_Task instructions_: For any picture in the lines below, please leave it out and copy the rest exactly.

_Information provided_:
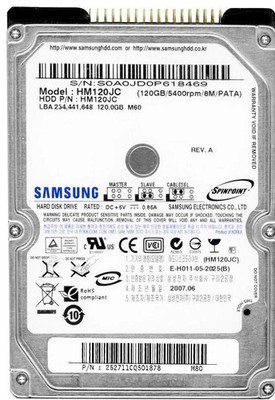Samsung SpinPoint M60 HM120JC HM120IC 120GB 5400RPM 2,5'' IDE PATA HDD
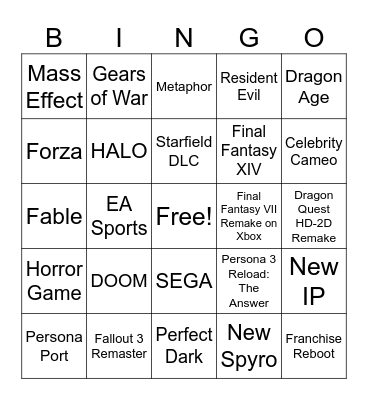 Xbox Showcase 2024 Bingo Card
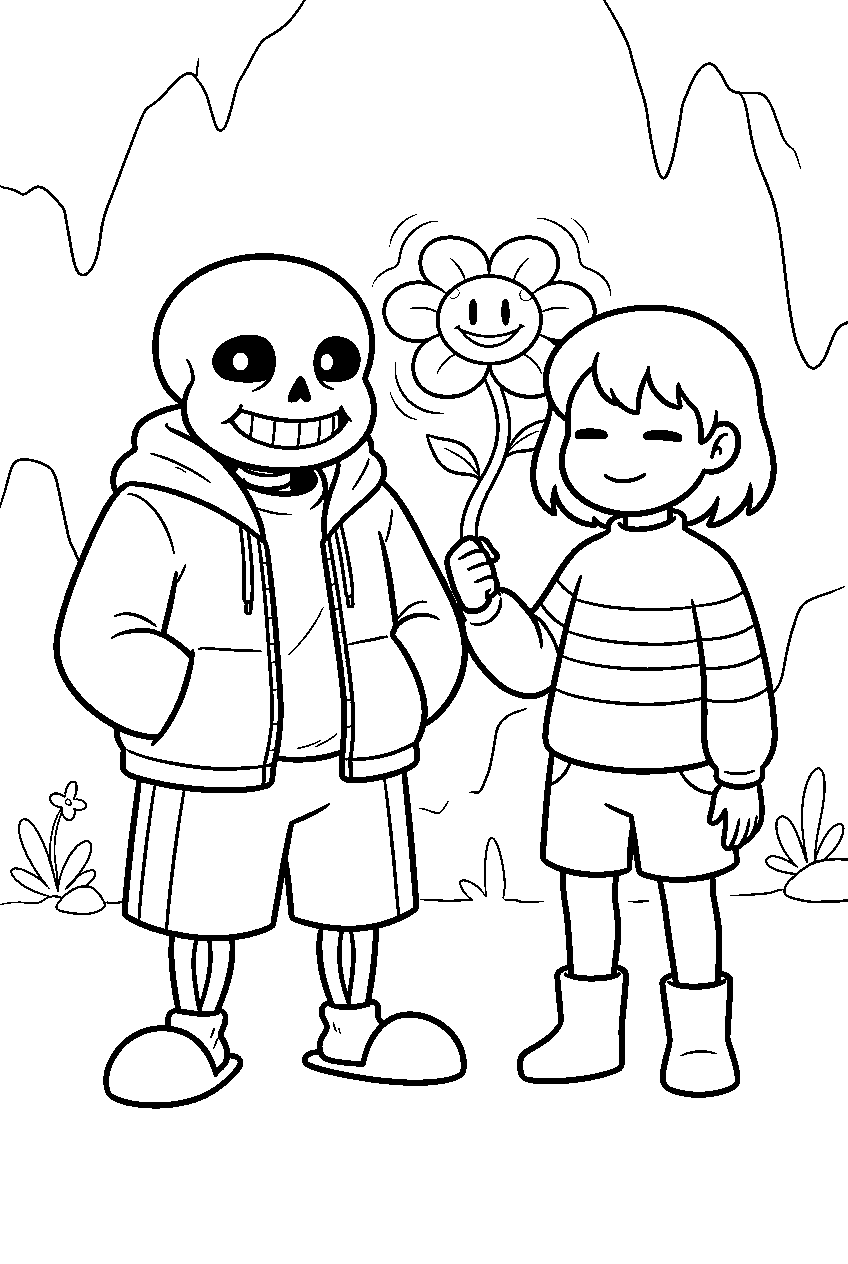 undertale sans standing with frisk beside an echo flower line art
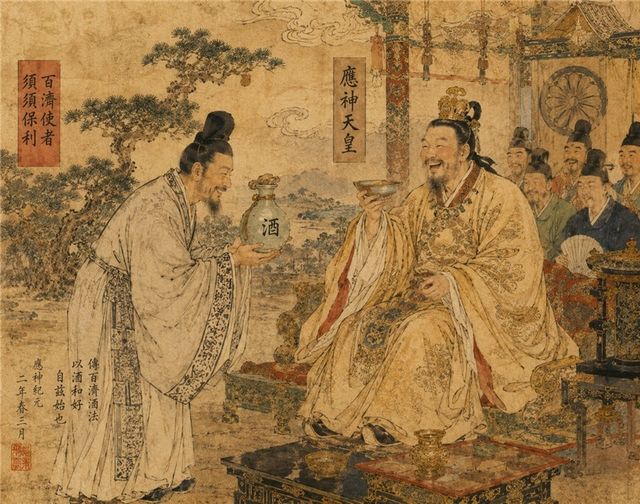 수수보리가 일본 오진 천황에게 술을 바치는 모습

_Output below_:
Samsung SpinPoint M60 HM120JC HM120IC 120GB 5400RPM 2,5'' IDE PATA HDD
 Xbox Showcase 2024 Bingo Card
 undertale sans standing with frisk beside an echo flower line art
 수수보리가 일본 오진 천황에게 술을 바치는 모습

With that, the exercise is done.